#### What you are asked to do:
Quote only the lines that start at the line with "Kit Lembrancinha de Natal Papai Noel" and run to the end of the entries; omit the pictures.

#### Data for review:
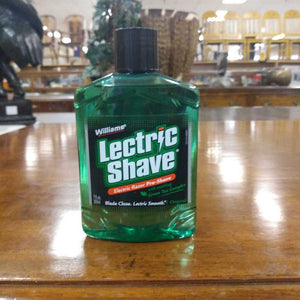 Lectric Shave-Pre Shave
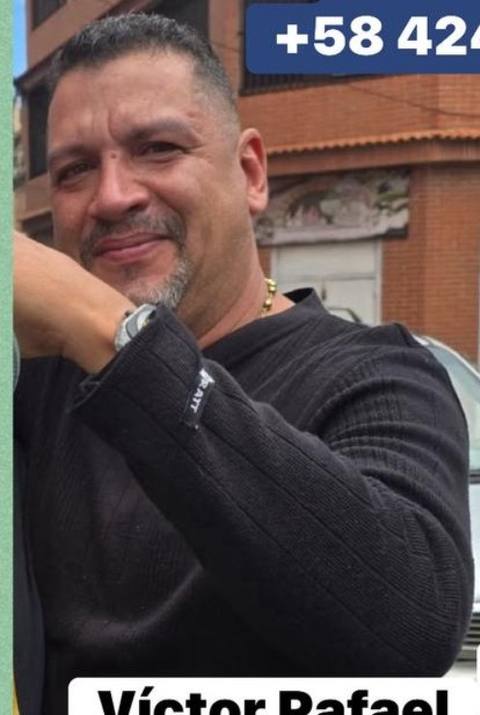 Foto de Victor Marcano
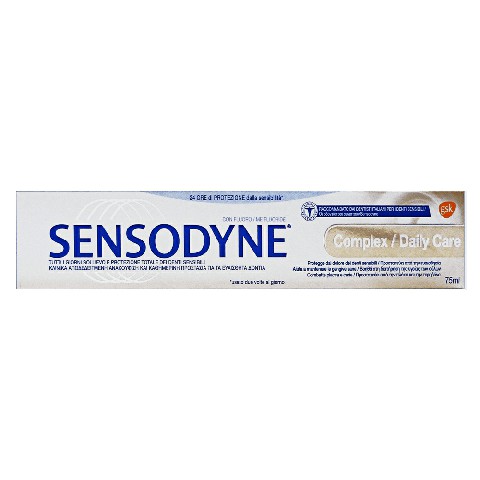 [8016825971779] SENSODYNE  DENT.75ML COMPLEX
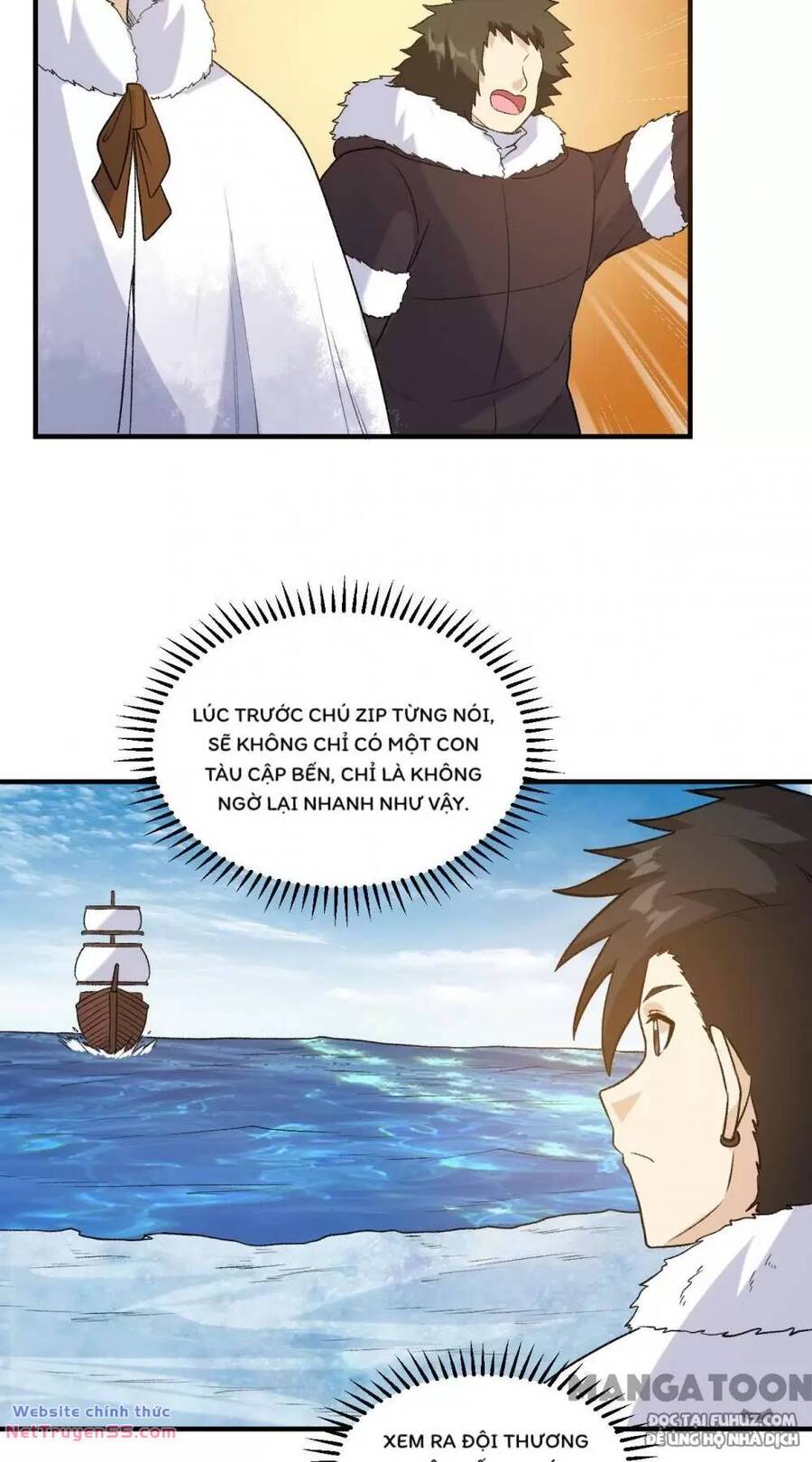 Sống Trên Hoang Đảo Cùng Các Em Gái Chapter 254 - Trang 2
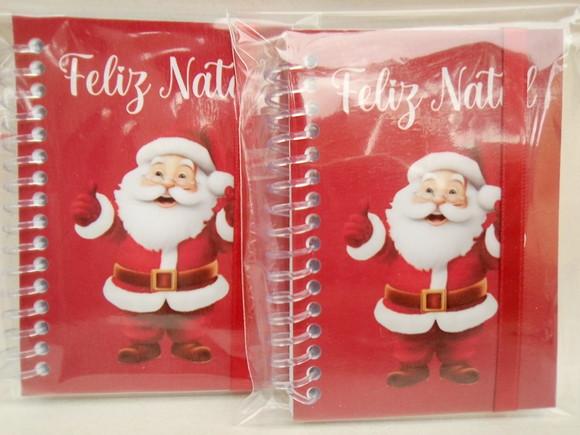 Kit Lembrancinha de Natal Papai Noel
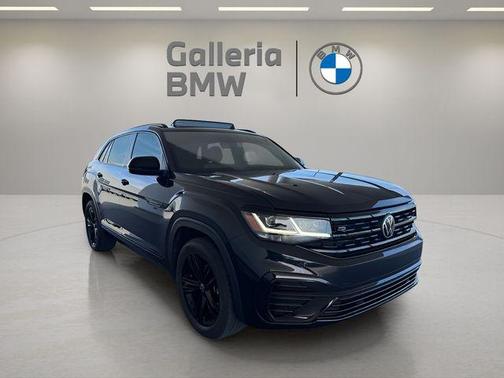 2023 Volkswagen Atlas Cross Sport 2.0T SEL R-Line Black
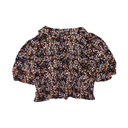 Blusa Rabbit Rose Floral- XL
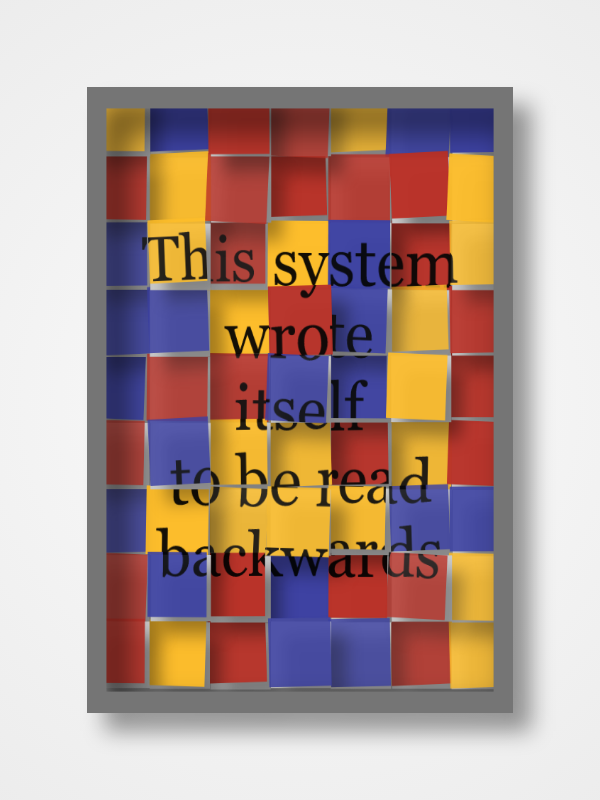 The Metaphor Machine #29791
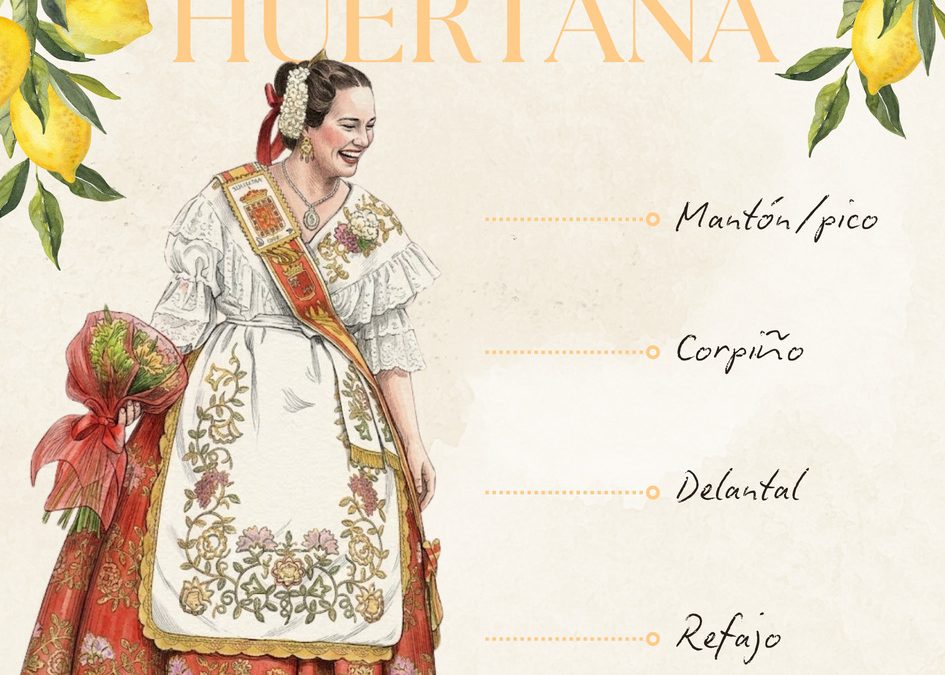 Traje Huertana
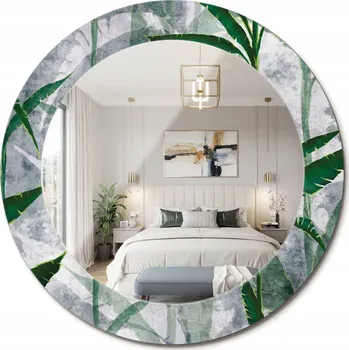 Zrcadlo Zrcadlo Coloray nástěnné kulaté 600 x 600 mm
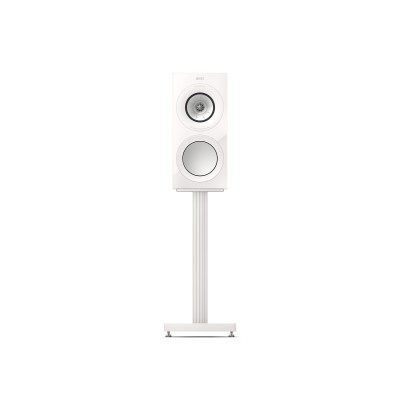 R3 Meta, Bookself Speakers, White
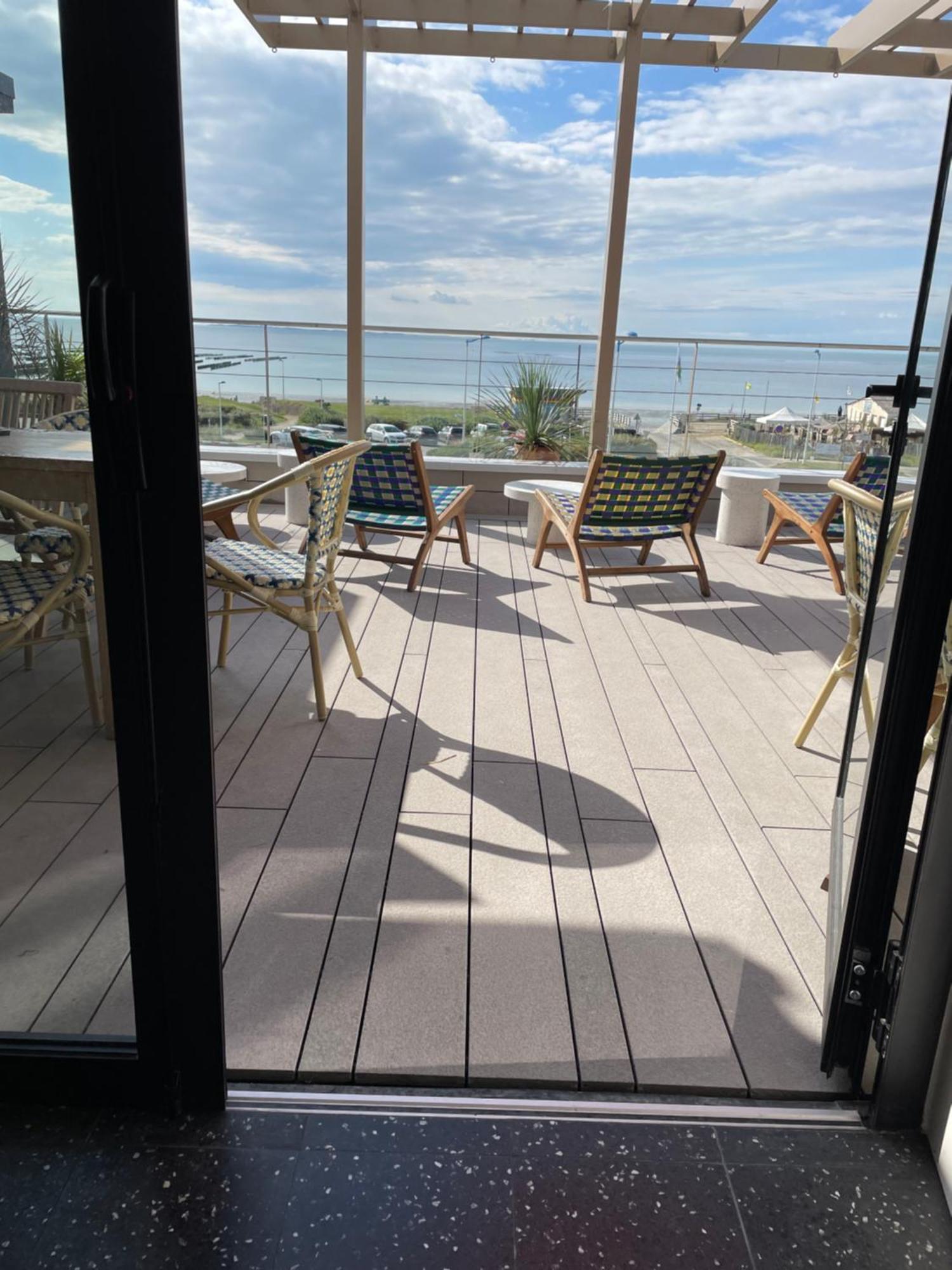 Le Relais Des Iles Coudeville Exterior foto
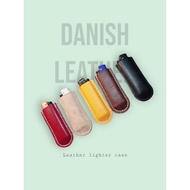 leather lighter case / sarung lighter for CRICKET Lighter 089 090 091 092 093 094 106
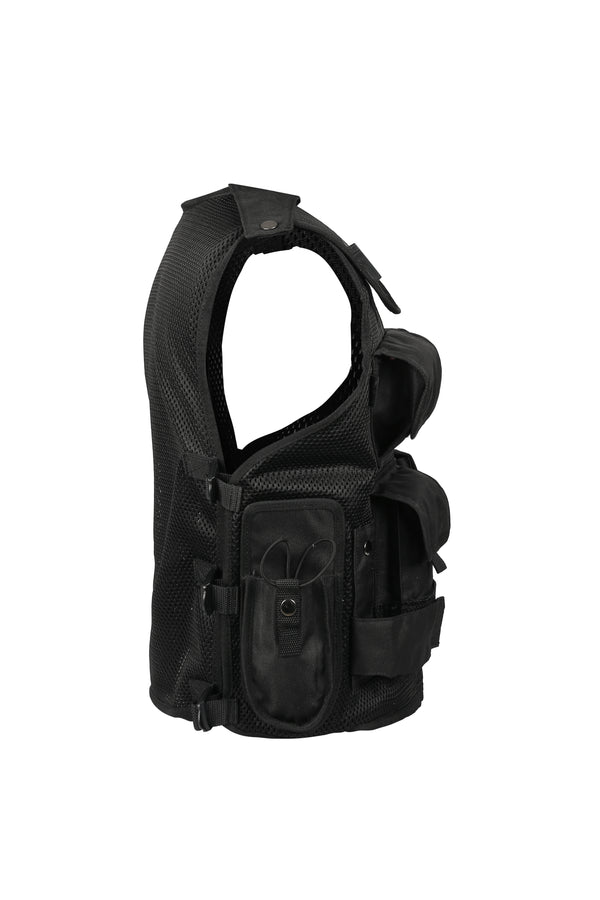 Tactical Vest Black
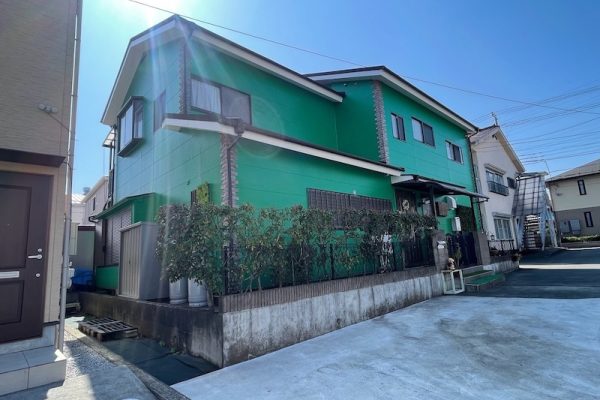 東京都東村山市 K様邸 外壁塗装・屋根カバー工事「屋根工事の提案では、なぜ必要なのかを丁寧に説明してくれて、納得して工事をお願いできました」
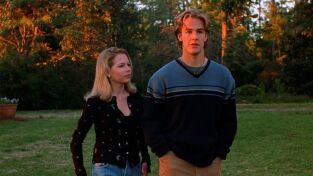 Dawson crece. T(T1). Dawson crece (T1): Ep.8 El Novio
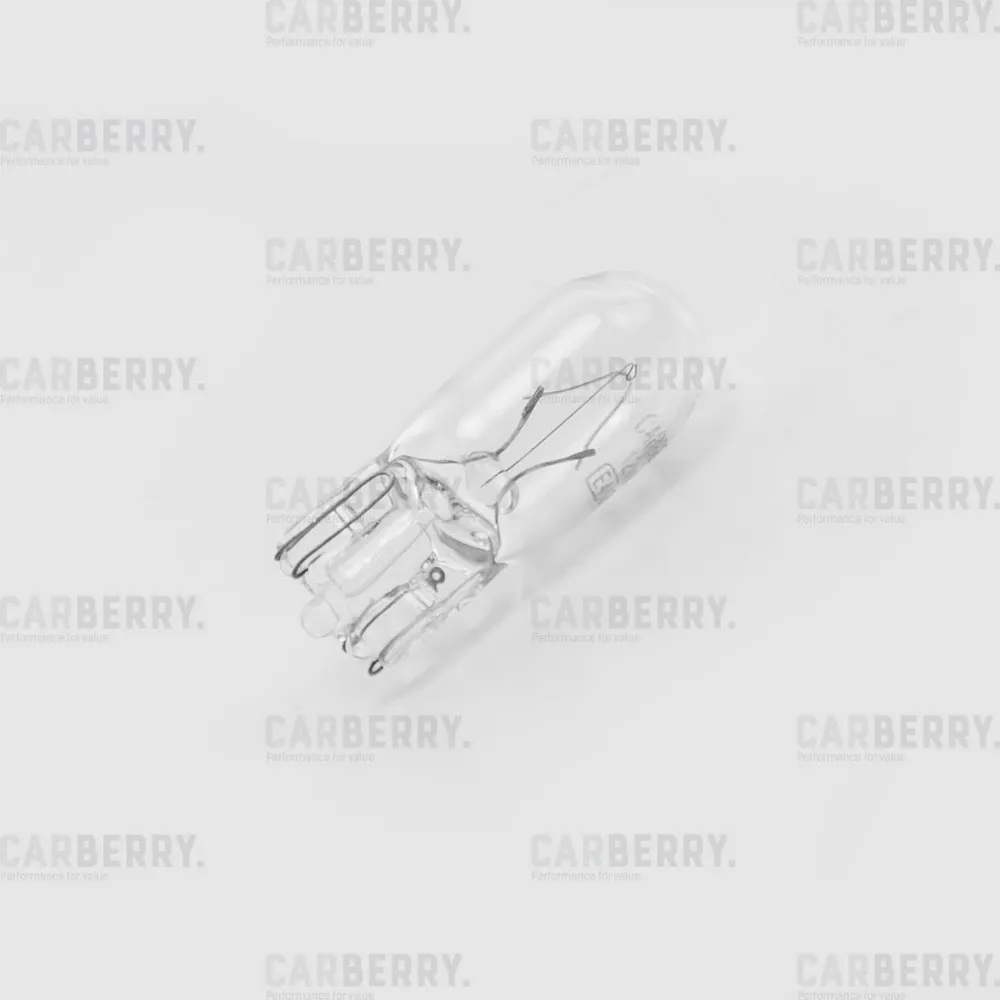 Лампа 12V W5W 5W W2,1x9,5d CARBERRY Day&Night 1 шт. картон 32CA2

#### Answer to this problem:
 Kit Lembrancinha de Natal Papai Noel
 2023 Volkswagen Atlas Cross Sport 2.0T SEL R-Line Black
 Blusa Rabbit Rose Floral- XL
 The Metaphor Machine #29791
 Traje Huertana
 Zrcadlo Zrcadlo Coloray nástěnné kulaté 600 x 600 mm
 R3 Meta, Bookself Speakers, White
 Le Relais Des Iles Coudeville Exterior foto
 leather lighter case / sarung lighter for CRICKET Lighter 089 090 091 092 093 094 106
 Tactical Vest Black
 東京都東村山市 K様邸 外壁塗装・屋根カバー工事「屋根工事の提案では、なぜ必要なのかを丁寧に説明してくれて、納得して工事をお願いできました」
 Dawson crece. T(T1). Dawson crece (T1): Ep.8 El Novio
 Лампа 12V W5W 5W W2,1x9,5d CARBERRY Day&Night 1 шт. картон 32CA2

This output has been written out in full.